"""

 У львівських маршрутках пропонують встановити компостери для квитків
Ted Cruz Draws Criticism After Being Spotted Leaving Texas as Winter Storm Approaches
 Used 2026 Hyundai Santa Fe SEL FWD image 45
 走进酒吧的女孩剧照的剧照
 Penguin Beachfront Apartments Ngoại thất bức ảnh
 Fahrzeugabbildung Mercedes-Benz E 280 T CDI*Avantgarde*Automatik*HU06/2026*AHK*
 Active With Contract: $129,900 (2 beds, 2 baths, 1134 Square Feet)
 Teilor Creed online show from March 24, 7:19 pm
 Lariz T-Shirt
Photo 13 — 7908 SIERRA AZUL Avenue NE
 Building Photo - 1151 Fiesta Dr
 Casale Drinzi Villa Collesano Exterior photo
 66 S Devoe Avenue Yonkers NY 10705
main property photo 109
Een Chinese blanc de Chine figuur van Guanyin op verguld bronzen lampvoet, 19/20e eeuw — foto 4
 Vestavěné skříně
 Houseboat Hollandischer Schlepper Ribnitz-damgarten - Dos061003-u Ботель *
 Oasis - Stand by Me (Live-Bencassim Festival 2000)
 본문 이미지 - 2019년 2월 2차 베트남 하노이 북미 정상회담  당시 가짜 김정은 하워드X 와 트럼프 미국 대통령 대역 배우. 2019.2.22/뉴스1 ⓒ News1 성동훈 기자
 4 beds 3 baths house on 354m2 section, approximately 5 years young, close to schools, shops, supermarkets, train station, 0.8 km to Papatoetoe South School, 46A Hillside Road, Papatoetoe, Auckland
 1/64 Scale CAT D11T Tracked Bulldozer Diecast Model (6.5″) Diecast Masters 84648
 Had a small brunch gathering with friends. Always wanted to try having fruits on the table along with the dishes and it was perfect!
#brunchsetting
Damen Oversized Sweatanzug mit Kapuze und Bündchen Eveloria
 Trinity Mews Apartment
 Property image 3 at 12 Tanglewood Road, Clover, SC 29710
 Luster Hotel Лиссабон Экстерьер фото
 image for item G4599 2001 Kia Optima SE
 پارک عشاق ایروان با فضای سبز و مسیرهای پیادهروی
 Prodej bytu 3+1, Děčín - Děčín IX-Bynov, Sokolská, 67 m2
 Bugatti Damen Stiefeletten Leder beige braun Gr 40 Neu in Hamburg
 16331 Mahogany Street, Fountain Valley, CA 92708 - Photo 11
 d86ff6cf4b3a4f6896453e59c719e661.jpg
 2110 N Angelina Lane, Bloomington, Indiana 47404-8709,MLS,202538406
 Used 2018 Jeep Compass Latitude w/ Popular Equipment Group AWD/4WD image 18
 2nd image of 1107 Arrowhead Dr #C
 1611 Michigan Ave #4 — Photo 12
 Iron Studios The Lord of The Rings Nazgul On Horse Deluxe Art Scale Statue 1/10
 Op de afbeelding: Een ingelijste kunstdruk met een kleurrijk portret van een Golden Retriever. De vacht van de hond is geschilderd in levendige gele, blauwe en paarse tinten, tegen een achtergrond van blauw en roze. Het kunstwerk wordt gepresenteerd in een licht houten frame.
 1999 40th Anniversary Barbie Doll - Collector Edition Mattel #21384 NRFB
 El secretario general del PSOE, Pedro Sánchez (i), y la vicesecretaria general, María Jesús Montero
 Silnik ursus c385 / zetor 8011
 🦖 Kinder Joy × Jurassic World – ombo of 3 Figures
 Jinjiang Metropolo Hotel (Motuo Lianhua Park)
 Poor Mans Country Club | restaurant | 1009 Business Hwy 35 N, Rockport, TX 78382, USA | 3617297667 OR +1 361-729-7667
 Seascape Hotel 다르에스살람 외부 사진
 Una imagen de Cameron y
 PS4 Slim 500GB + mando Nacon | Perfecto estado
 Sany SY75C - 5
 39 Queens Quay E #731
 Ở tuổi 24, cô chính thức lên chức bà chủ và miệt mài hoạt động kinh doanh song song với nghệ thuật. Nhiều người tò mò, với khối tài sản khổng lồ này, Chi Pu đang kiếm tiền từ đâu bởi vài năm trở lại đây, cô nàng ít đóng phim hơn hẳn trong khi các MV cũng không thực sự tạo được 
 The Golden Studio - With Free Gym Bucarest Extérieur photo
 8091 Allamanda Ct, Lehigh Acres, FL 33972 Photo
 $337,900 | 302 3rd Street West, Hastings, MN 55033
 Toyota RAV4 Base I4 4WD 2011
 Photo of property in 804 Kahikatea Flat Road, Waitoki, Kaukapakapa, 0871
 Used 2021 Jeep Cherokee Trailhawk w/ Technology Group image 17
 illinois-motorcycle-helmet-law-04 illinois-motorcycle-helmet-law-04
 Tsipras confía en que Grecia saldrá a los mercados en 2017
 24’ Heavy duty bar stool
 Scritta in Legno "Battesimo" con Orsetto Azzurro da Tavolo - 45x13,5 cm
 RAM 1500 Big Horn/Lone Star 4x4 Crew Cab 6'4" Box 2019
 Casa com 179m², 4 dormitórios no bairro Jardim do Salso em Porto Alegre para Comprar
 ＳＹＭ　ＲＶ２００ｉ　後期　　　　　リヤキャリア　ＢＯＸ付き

"""

■ What you will do ■
Pull out every line of the records above that contains the word "Jeep".

■ Written answer ■
 Used 2018 Jeep Compass Latitude w/ Popular Equipment Group AWD/4WD image 18
 Used 2021 Jeep Cherokee Trailhawk w/ Technology Group image 17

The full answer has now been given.